Actually, that product ID is unused by Intel right now, so absolutely nothing bad would happen, and if your device is of a standard device class, it'll even work fine with generic drivers. For example, I could build a PCI SD Host Controller interface with those IDs, and it would work fine. Intel might not be amused, and it would be a silly idea, but harmless. If Intel ever releases a device with that ID, then indeed it would cause a conflict. However, if I designed a device register-compatible with an Intel device and used its same ID, again, practically speaking, nothing bad would happen. In fact, that is exactly what all virtualization solutions like VMWare, VirtualBox, and QEMU do, all the time. I have myself written a virtual USB xHCI controller for QEMU, and yes, it could emulate one of two different chips, and yes, it used their VID/PID, and yes, it even had to deal with some retarded "anti-clone" vendor-specific commands, and no, it wasn't 100% bug-for-bug compatible, but it was close enough to work.

The same applies also for the USB. This is the only way for the OS/BIOS/EFI to detect new hardware and assign the right driver. They should be unique ID's. You pay $5000 so that you are ensured they are unique.
You pay $5000 for the right to use the USB logo. Yes, the IDs should be unique. No, there is no legal protection nor guarantee that they are, unless you use the USB logo. The world doesn't end if you use someone else's ID, especially if you do it in a compatible way.

Try assigning some random numbers to your USB devices and see what happens on Linux also. You need a VID and PID and the system works by uniqueness of these numbers.
Actually, the vast majority of the USB devices that people use every day are identified by class codes, not VID/PID - mass storage, HID, CDC, even the PCI controllers (UHCI, OHCI, xHCI). VID/PID only have to be unique for a particular proprietary device interface. Nobody cares about what VID/PID you use for a standard device (as long as they don't conflict with a proprietary one, which might result in their driver being assigned), and again, there's nothing wrong with masquerading as another device if you intend to be compatible with it. You're taking a risk, but that's a compatibility risk, and it's not reasonable to expect direct gunfire from the other side in return.
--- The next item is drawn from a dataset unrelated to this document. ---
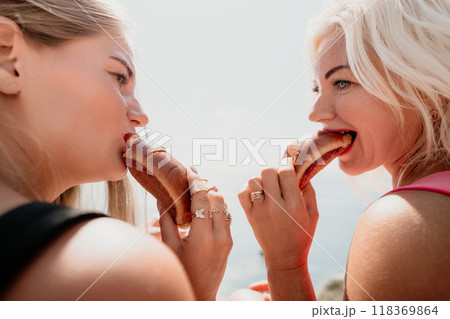 Two Women Enjoying a Delicious Meal Together 118369864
It is the responsibility from the manufactor to check their sources.
Sure, and everyone demands a paper trail and armed guards across the entire chain of custody, to make sure no counterfeits slip in, right?

It sucks when these things happen, but placing all the blame on the final assembler/manufacturer is grossly oversimplifying things. You have no idea what happened that led to counterfeits being used in an end product.
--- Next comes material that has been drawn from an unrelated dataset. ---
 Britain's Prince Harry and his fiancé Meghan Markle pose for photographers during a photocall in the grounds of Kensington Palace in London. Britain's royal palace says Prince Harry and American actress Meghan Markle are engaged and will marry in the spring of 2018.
I think here in the Netherlands you can leave it behind on the airport and may be lucky when you do not get a fine.
Funny, the first Google result for "netherlands counterfeit goods" proves you wrong. There's an exception for personal use, within reasonable limits. Seriously, before you argue with someone on the Internet about your own country's laws, you might want to at least do a cursory check...
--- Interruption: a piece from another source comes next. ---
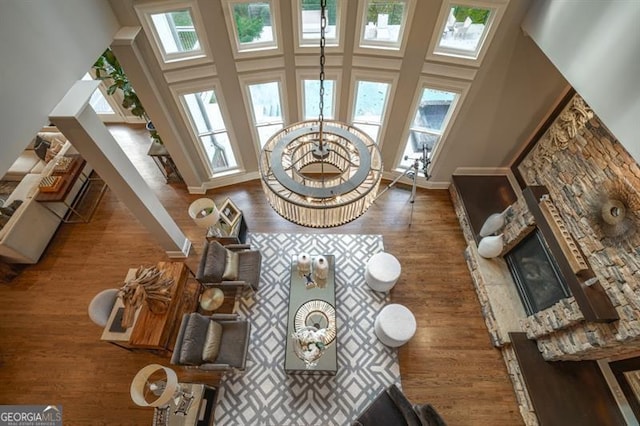 living room featuring dark hardwood / wood-style flooring, a notable chandelier, a towering ceiling, and a stone fireplace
P.s. How many non-functioning devices you got?
None, but I've developed a rather strong disgust for people who destroy end-user hardware through gross negligence or deliberate action, over the past 8 years or so, due to certain communities I've been involved in, and I've done my best to make sure that my software never does that, not even in the least likely of circumstances. I have a very strong respect for people's hardware.